__RECORDS SHOWN__:
____

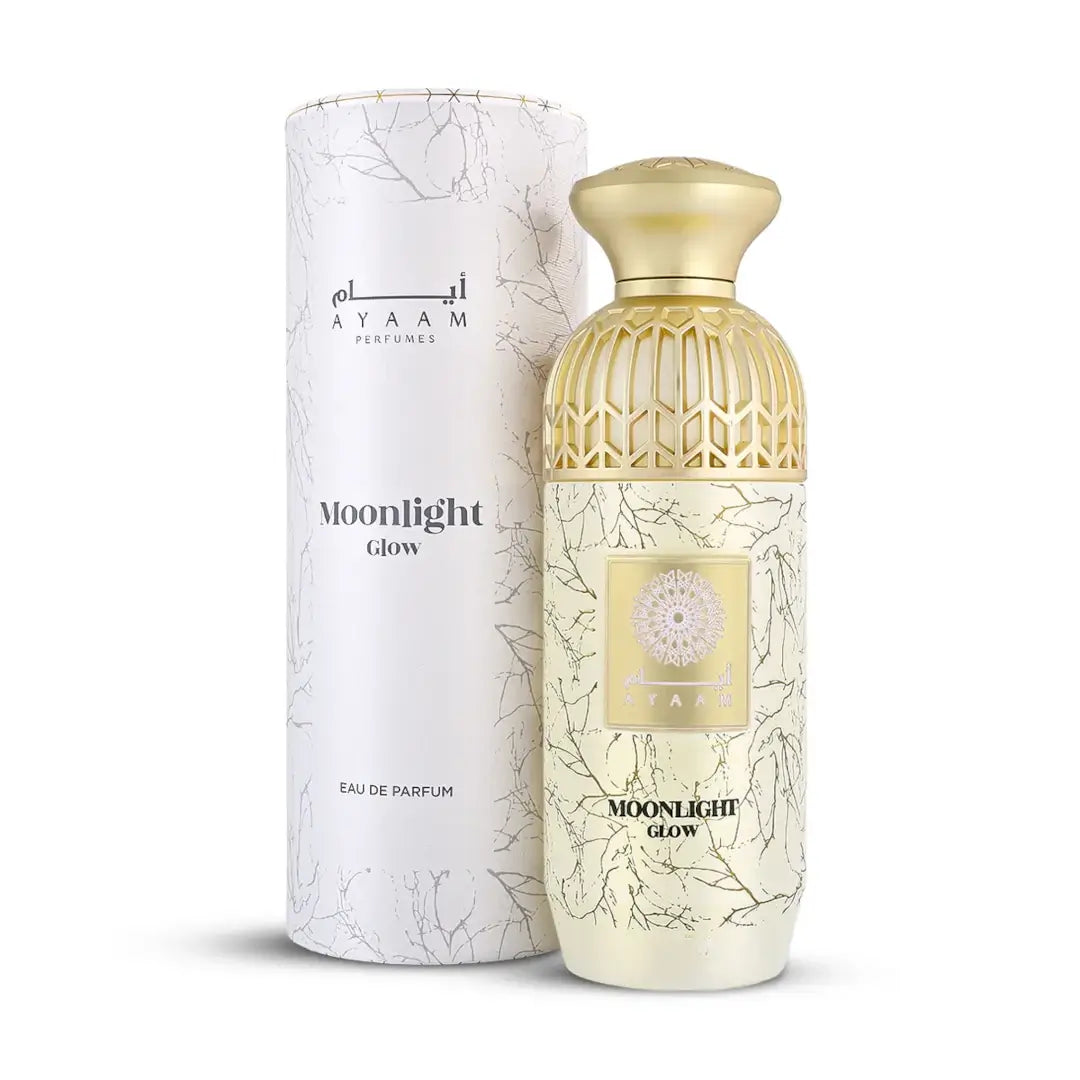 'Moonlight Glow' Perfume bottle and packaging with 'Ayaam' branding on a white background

____

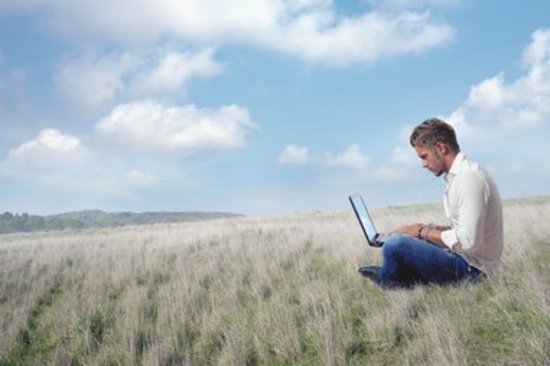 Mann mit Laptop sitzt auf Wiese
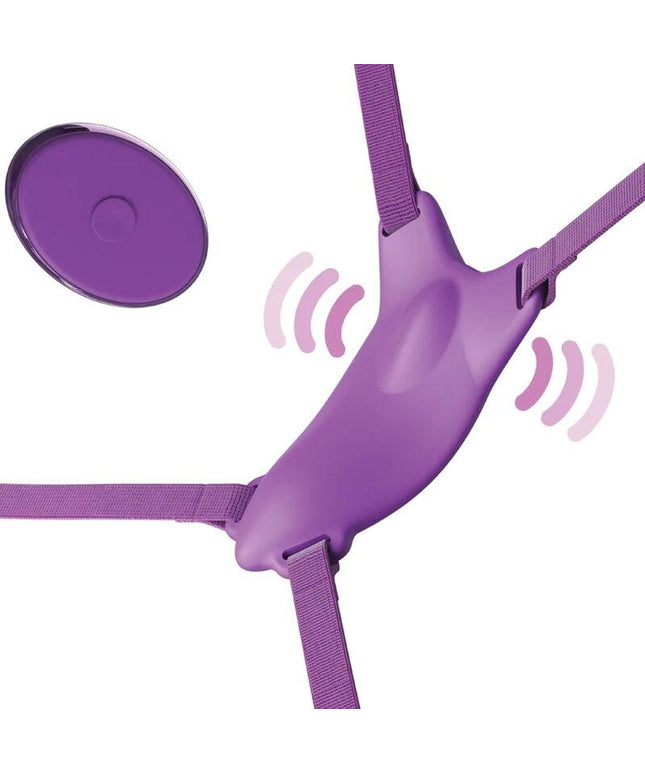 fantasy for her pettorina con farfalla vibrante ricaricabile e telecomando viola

____

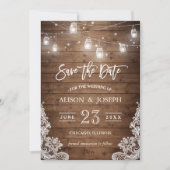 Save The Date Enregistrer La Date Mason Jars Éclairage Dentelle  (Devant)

____

__WHAT TO DO__:
Leaving pictures out, output the lines of the data above from the one with "Mann mit Laptop sitzt auf Wiese" through the one with "fantasy for her", word for word.

__RESULT__:
 Mann mit Laptop sitzt auf Wiese
 fantasy for her pettorina con farfalla vibrante ricaricabile e telecomando viola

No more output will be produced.